**Task statement:**
Restate word for word the lines in the listing below, starting at the line containing "12 Monks - Beachside" and ending at the line containing "dearfoams Orange Jack-o'-Lantern", both included; leave out the rest.
+++ Source records
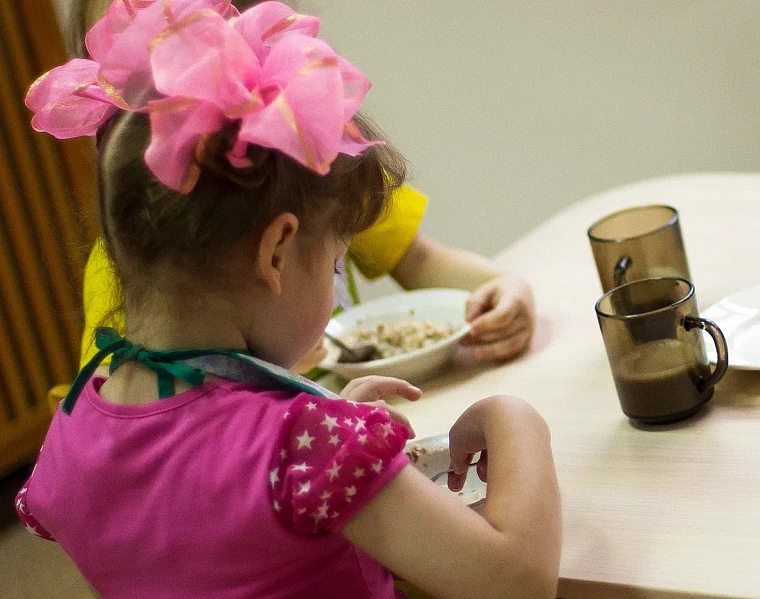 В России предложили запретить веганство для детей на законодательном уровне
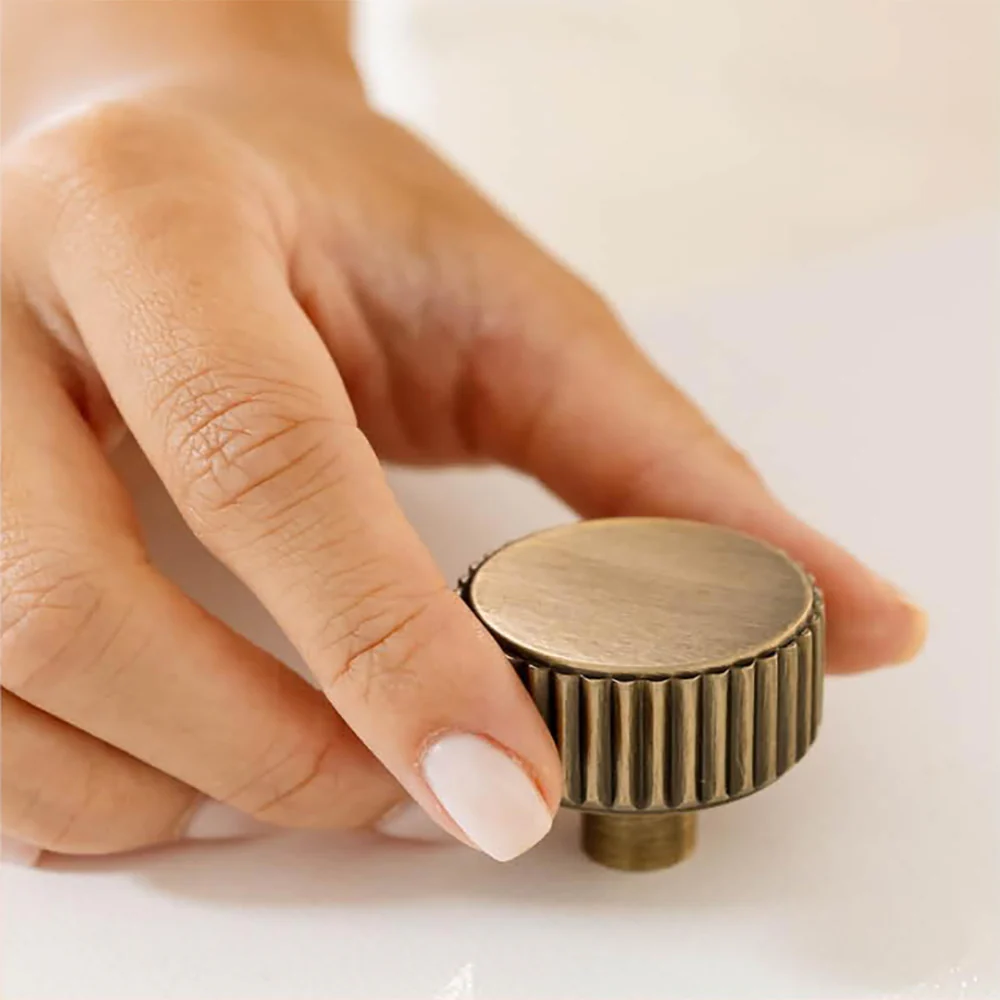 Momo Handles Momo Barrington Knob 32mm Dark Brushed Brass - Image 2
++++++
+++ Source records
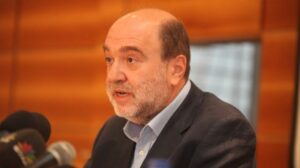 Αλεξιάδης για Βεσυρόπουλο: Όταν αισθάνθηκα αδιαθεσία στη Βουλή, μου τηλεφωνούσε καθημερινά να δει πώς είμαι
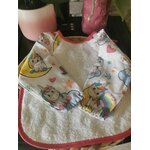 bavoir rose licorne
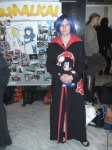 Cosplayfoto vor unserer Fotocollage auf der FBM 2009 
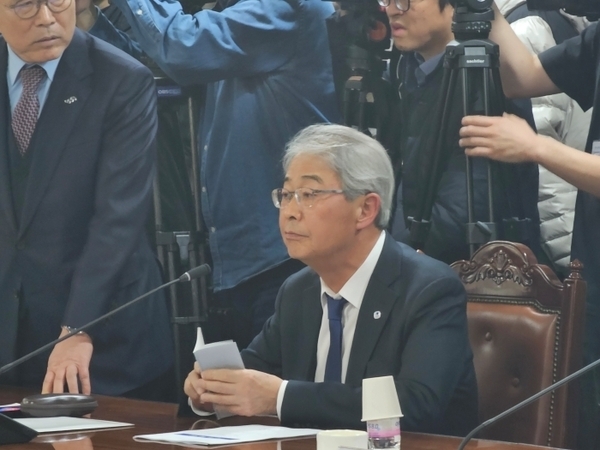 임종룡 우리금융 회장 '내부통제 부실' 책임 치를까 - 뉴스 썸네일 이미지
++++++
+++ Source records
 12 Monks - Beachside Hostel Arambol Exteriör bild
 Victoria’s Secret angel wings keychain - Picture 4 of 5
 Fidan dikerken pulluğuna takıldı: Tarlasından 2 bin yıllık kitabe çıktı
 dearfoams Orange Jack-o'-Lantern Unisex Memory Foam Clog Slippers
++++++
**Written solution:**
 12 Monks - Beachside Hostel Arambol Exteriör bild
 Victoria’s Secret angel wings keychain - Picture 4 of 5
 Fidan dikerken pulluğuna takıldı: Tarlasından 2 bin yıllık kitabe çıktı
 dearfoams Orange Jack-o'-Lantern Unisex Memory Foam Clog Slippers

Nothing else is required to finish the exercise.